The FBI and CIA automatically suspect Islamic terrorists, but Fox digs deeper to discover the far more frightening truth: a global conspiracy to eradicate all religion from the face of the earth.

From Washington to Jerusalem, from Rome to London, Fox must use all his skills to stop devastating attacks on the world's holiest sites on their holiest days.




My thoughts
At first I thought this was a bit of a Zombie-book (by just looking at the cover), but it's nothing like that! This book is about terrorism and religion. I just dove right in and this was a pretty easy read, a quick read! The book is written very well, one of the biggest aspects I liked. I rushed through and was very pleased about this book. It's mainly an adult thriller, but I do believe that young adults would be able to learn a lot from it as well.

Pros
  • Smart main character: Oh, boy.

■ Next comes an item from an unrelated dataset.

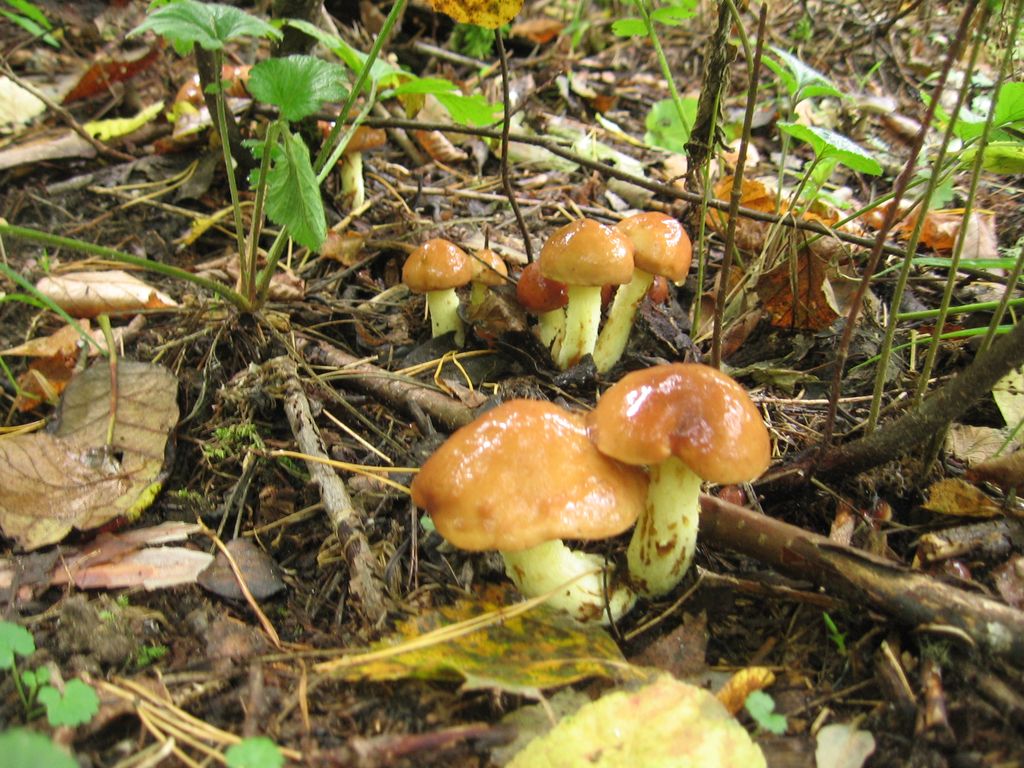 Schmetterlinge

Yes! Robin Fox is such a smart man. He knows a lot about interrogations and reading people. I loved to learn about it and my favorite scenes were the ones where Robin Fox is in a conversation with suspects. It was so cool, that those suspects think they're so smart, but Fox knows all about lying. I felt like I was taking a ride in a car with Robin Fox and I never felt unsafe, he knows exactly what he's doing. 

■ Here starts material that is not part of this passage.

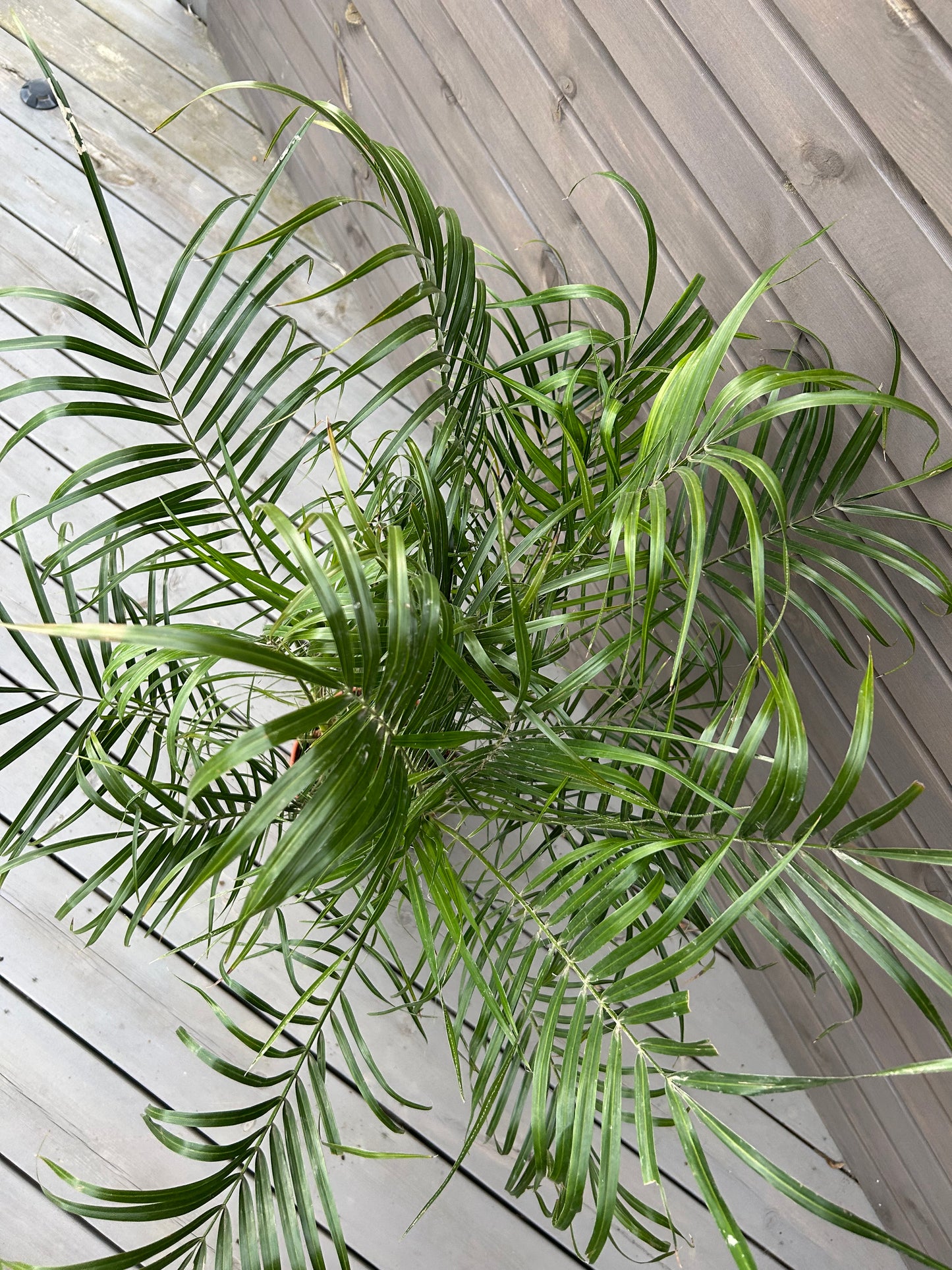 Phoenix Roebelenii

  • Makes you think: This book is about religion, religious people and athe├»sts. It's about terrorism and about what people believe and what believing makes them do. I'm not one to think about religion a lot, but this made me think about what's currently going on in the world. I think this book will be a great read for religious people and atheists as well.

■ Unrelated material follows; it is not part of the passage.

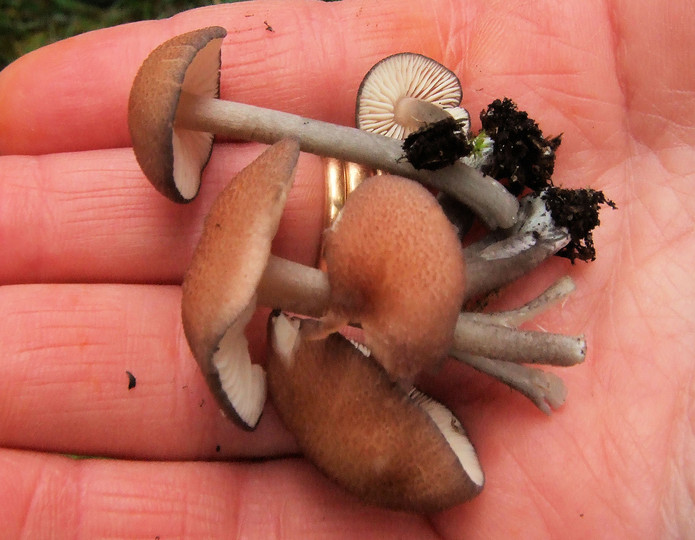 Entoloma catalaunicum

  • Great conversations: The best! At most of the conversations, Robin Fox is a part of it, and I just love how smart he is, how he's able to talk about his opinion without being disrespectful. The conversations only contained the necessary information and that's always nice to read, it keeps the pace.
Cons
  • No connection: I liked the book, I liked the plot, the conversations and the main character, but I never felt emotionally involved. At some point I even wished for someone important to die, so I could test if it would do something with me. Fox has some skeletons in his closet and he has feelings and doubts and wishes, but I, as a reader, was never emotionally involved. This made me feel like I didn't really had a connection with this book, sadly.
Overall
I think this is a great book for young adults and all ages up. It's a book that's very respectful towards different religions and also towards people that don't believe. It's also a book that makes you think, makes you wonder and it's actually a quick read! I do recommend this book to y'all.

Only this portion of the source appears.